PROBLEM TO WORK ON =
Set down every entry word for word. Omit the pictures.

- Opening Delimiter -

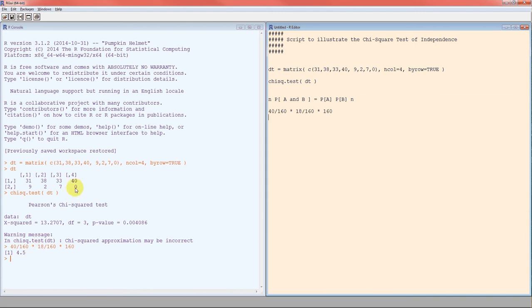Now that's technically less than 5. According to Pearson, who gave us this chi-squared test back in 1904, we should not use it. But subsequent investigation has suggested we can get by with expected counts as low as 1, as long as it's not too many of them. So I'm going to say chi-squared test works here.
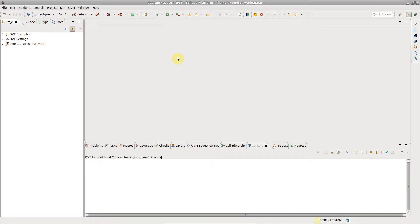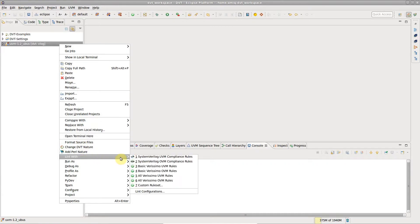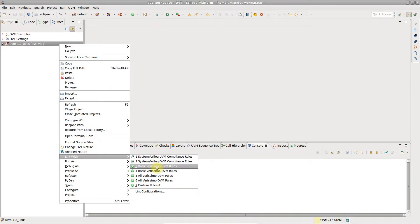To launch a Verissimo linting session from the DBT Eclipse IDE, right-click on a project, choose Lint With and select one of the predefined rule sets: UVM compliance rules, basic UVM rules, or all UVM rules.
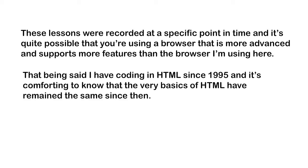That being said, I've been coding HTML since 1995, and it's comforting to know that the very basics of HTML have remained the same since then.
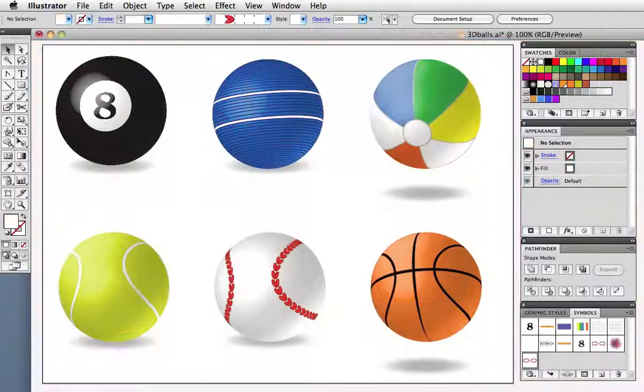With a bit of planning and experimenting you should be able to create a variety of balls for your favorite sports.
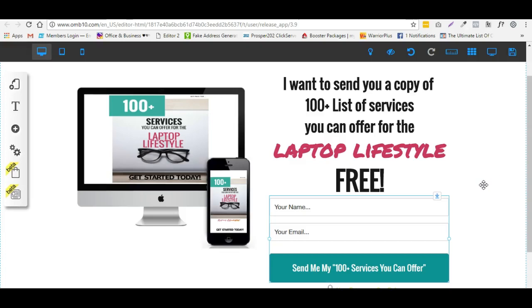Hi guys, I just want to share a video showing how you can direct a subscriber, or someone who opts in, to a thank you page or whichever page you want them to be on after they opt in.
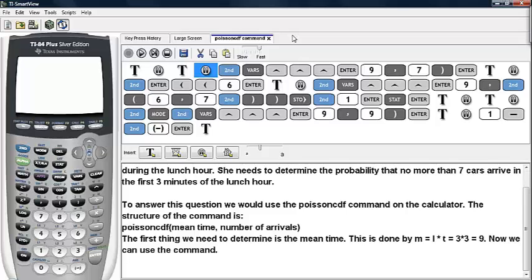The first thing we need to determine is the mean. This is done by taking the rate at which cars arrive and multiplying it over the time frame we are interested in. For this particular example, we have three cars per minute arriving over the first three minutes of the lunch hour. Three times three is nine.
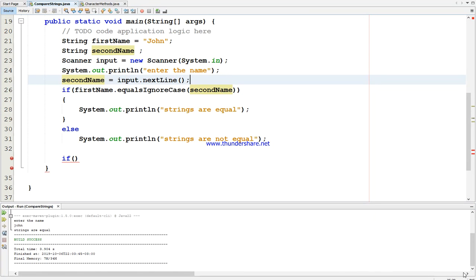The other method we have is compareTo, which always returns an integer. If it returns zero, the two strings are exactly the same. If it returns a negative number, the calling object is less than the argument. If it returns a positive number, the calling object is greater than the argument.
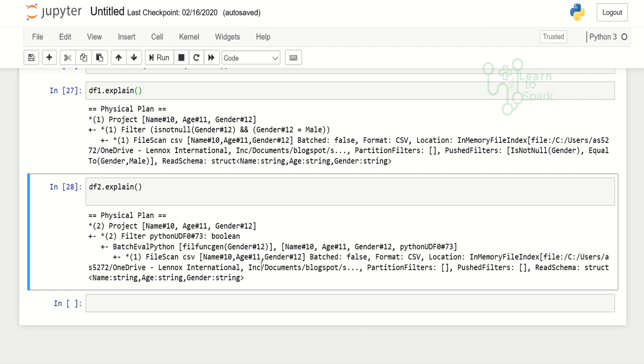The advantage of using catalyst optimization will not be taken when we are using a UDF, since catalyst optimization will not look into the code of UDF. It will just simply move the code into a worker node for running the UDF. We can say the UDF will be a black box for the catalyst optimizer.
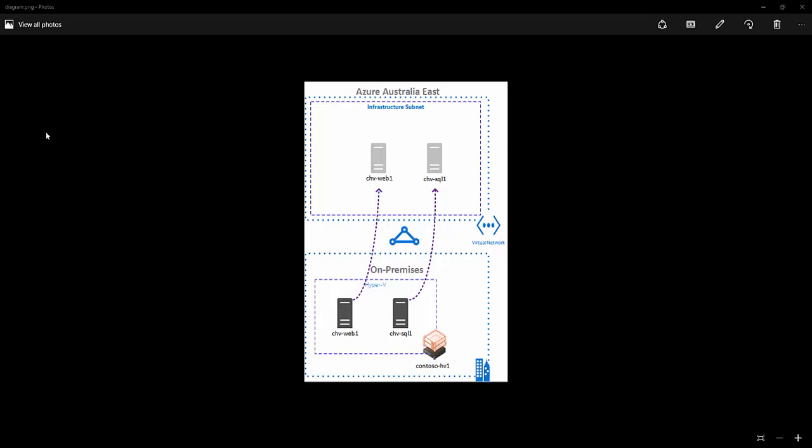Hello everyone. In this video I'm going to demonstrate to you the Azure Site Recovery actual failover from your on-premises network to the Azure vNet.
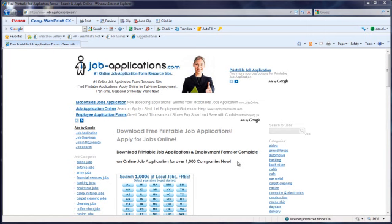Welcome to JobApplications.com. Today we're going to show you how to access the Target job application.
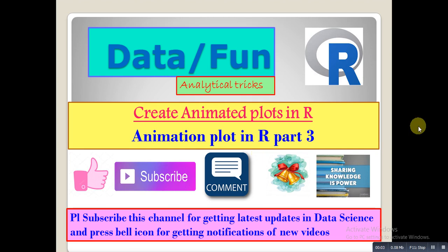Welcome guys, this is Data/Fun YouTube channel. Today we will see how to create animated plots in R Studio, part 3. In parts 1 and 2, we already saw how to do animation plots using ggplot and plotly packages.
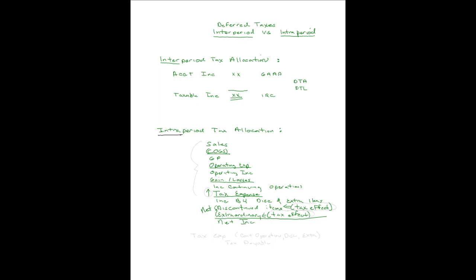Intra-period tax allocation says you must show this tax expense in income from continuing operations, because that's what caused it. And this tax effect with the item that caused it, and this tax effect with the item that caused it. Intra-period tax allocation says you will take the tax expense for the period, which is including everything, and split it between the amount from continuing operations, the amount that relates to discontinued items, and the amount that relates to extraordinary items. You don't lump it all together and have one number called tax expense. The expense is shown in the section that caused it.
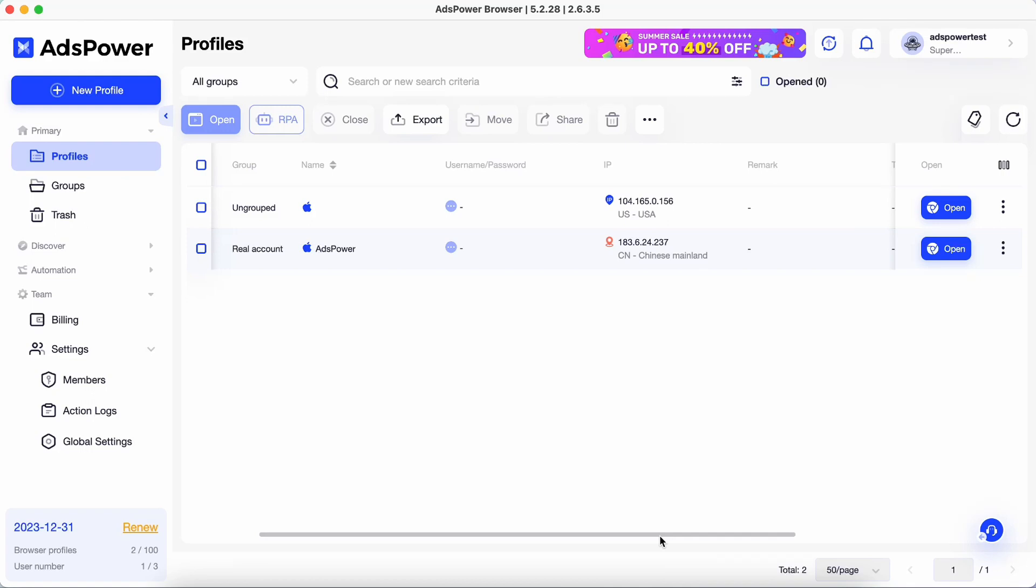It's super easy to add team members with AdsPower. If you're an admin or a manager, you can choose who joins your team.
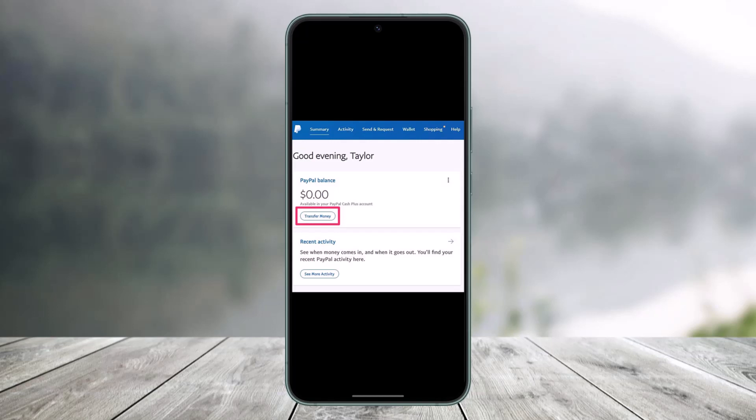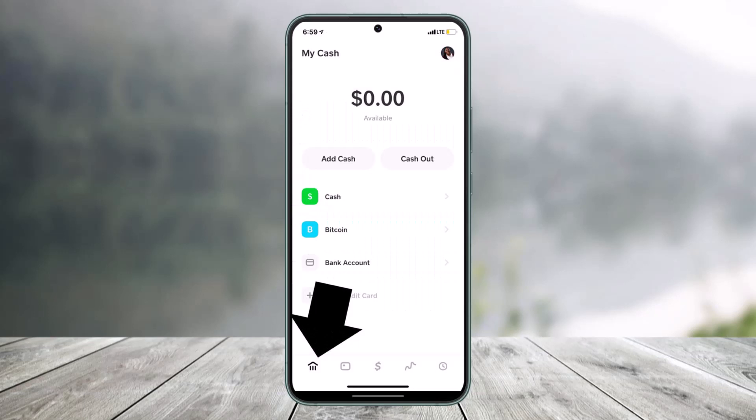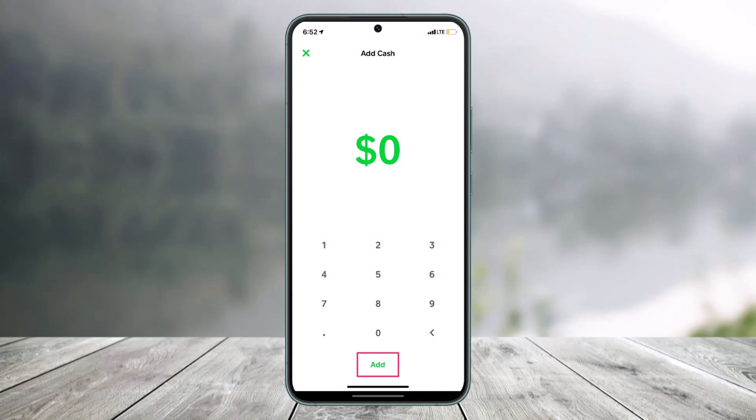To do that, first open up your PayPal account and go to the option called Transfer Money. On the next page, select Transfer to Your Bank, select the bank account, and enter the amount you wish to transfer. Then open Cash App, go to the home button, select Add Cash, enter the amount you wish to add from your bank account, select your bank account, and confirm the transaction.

- Closing Delimiter -

YOUR SOLUTION =
Now that's technically less than 5. According to Pearson, who gave us this chi-squared test back in 1904, we should not use it. But subsequent investigation has suggested we can get by with expected counts as low as 1, as long as it's not too many of them. So I'm going to say chi-squared test works here.
To launch a Verissimo linting session from the DBT Eclipse IDE, right-click on a project, choose Lint With and select one of the predefined rule sets: UVM compliance rules, basic UVM rules, or all UVM rules.
That being said, I've been coding HTML since 1995, and it's comforting to know that the very basics of HTML have remained the same since then.
With a bit of planning and experimenting you should be able to create a variety of balls for your favorite sports.
Hi guys, I just want to share a video showing how you can direct a subscriber, or someone who opts in, to a thank you page or whichever page you want them to be on after they opt in.
The first thing we need to determine is the mean. This is done by taking the rate at which cars arrive and multiplying it over the time frame we are interested in. For this particular example, we have three cars per minute arriving over the first three minutes of the lunch hour. Three times three is nine.
The other method we have is compareTo, which always returns an integer. If it returns zero, the two strings are exactly the same. If it returns a negative number, the calling object is less than the argument. If it returns a positive number, the calling object is greater than the argument.
The advantage of using catalyst optimization will not be taken when we are using a UDF, since catalyst optimization will not look into the code of UDF. It will just simply move the code into a worker node for running the UDF. We can say the UDF will be a black box for the catalyst optimizer.
Hello everyone. In this video I'm going to demonstrate to you the Azure Site Recovery actual failover from your on-premises network to the Azure vNet.
Welcome to JobApplications.com. Today we're going to show you how to access the Target job application.
Welcome guys, this is Data/Fun YouTube channel. Today we will see how to create animated plots in R Studio, part 3. In parts 1 and 2, we already saw how to do animation plots using ggplot and plotly packages.
Intra-period tax allocation says you must show this tax expense in income from continuing operations, because that's what caused it. And this tax effect with the item that caused it, and this tax effect with the item that caused it. Intra-period tax allocation says you will take the tax expense for the period, which is including everything, and split it between the amount from continuing operations, the amount that relates to discontinued items, and the amount that relates to extraordinary items. You don't lump it all together and have one number called tax expense. The expense is shown in the section that caused it.
It's super easy to add team members with AdsPower. If you're an admin or a manager, you can choose who joins your team.
To do that, first open up your PayPal account and go to the option called Transfer Money. On the next page, select Transfer to Your Bank, select the bank account, and enter the amount you wish to transfer. Then open Cash App, go to the home button, select Add Cash, enter the amount you wish to add from your bank account, select your bank account, and confirm the transaction.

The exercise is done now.